→ Task directions: All lines from the one containing "A imagem é a capa do podcast" through the end of the data below are to be repeated exactly, with pictures left out.

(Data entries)
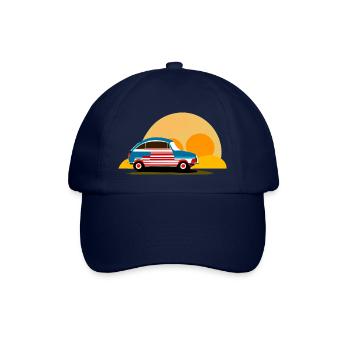 au coucher du soleil - Casquette classique - bleu/bleu - Devant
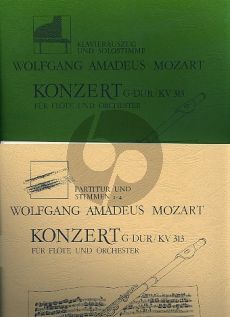 Mozart Konzert G-dur KV 313 4 Flöten (Part./Stimmen)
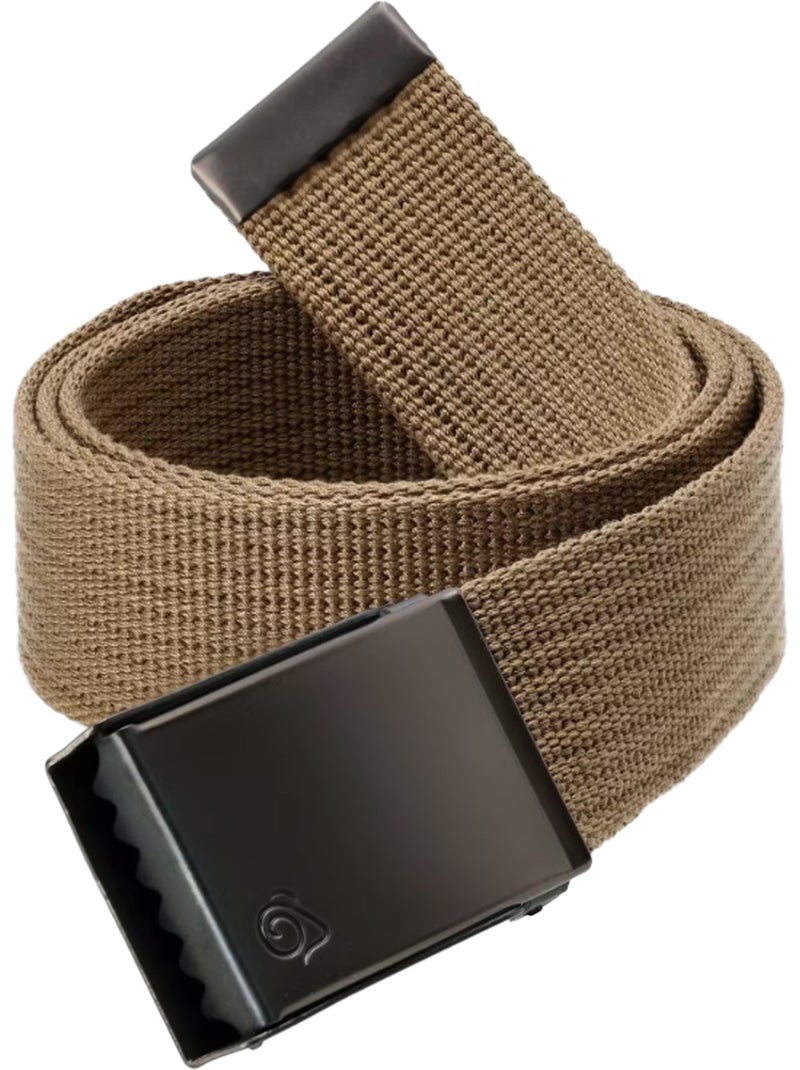 Ceinture à boucle métallique explorer - craghoppers Gris taupe - Kiabi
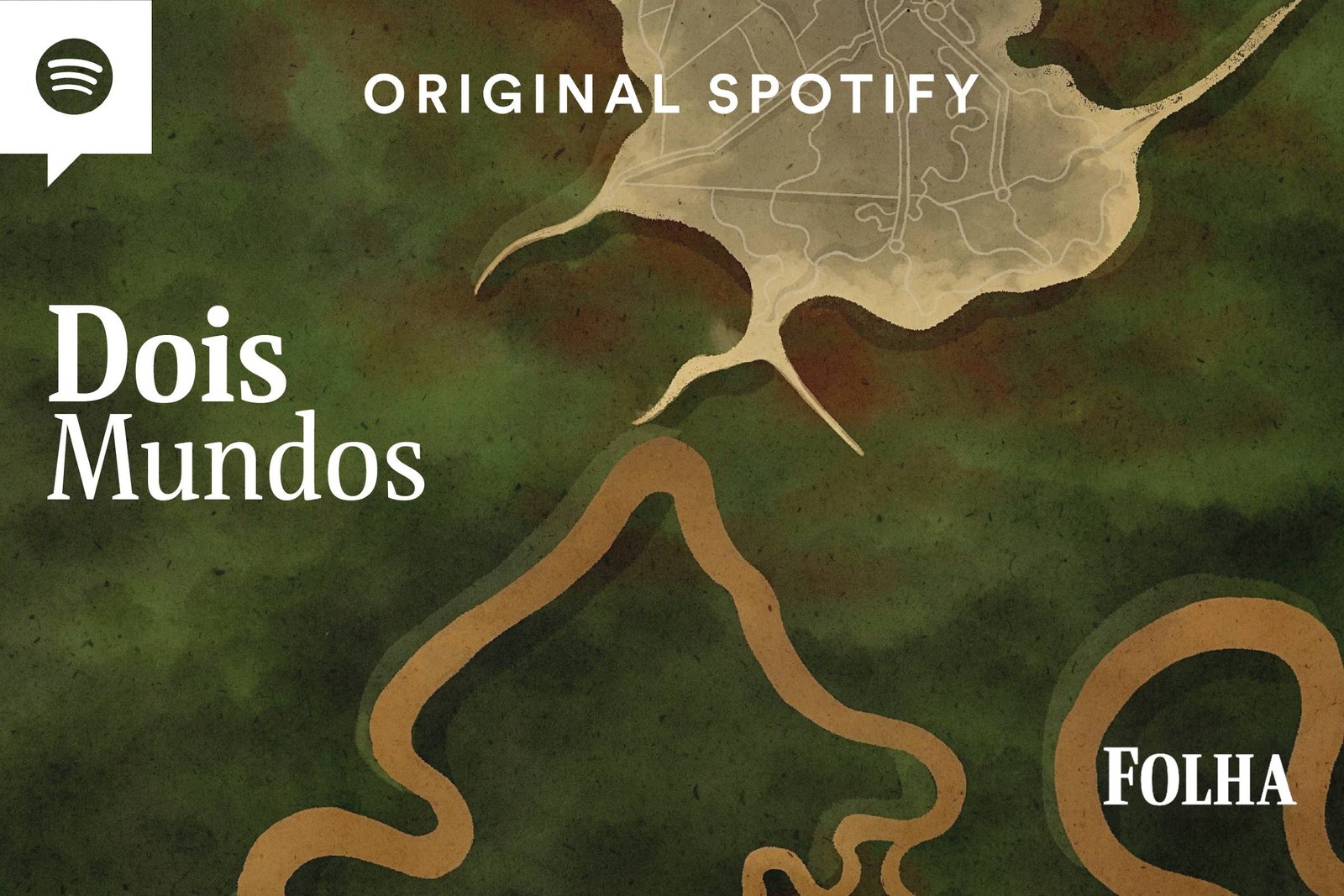 A imagem é a capa do podcast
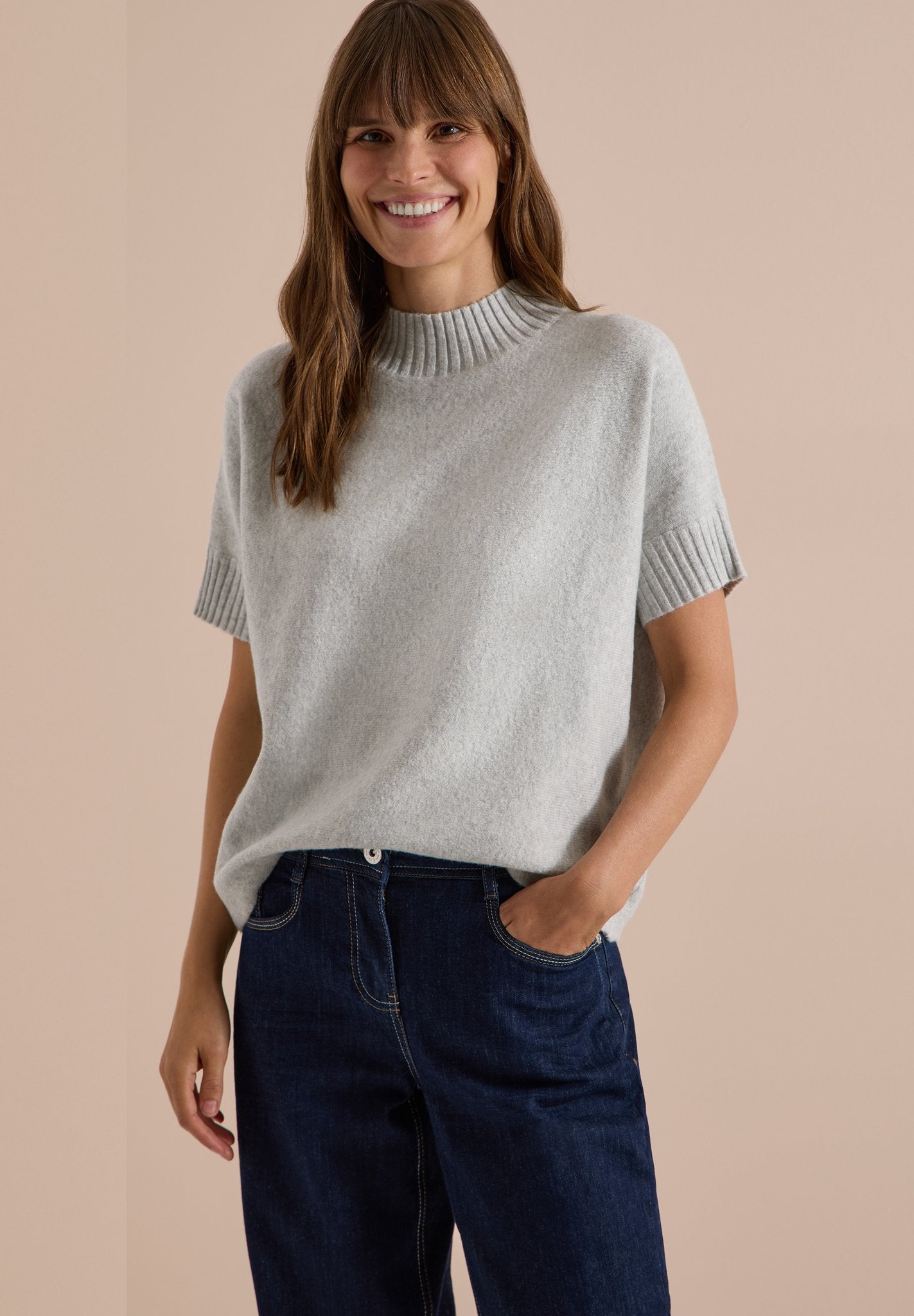 Cecil Damen Pullover  Light Gre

→ Solution to the exercise:
 A imagem é a capa do podcast
 Cecil Damen Pullover  Light Gre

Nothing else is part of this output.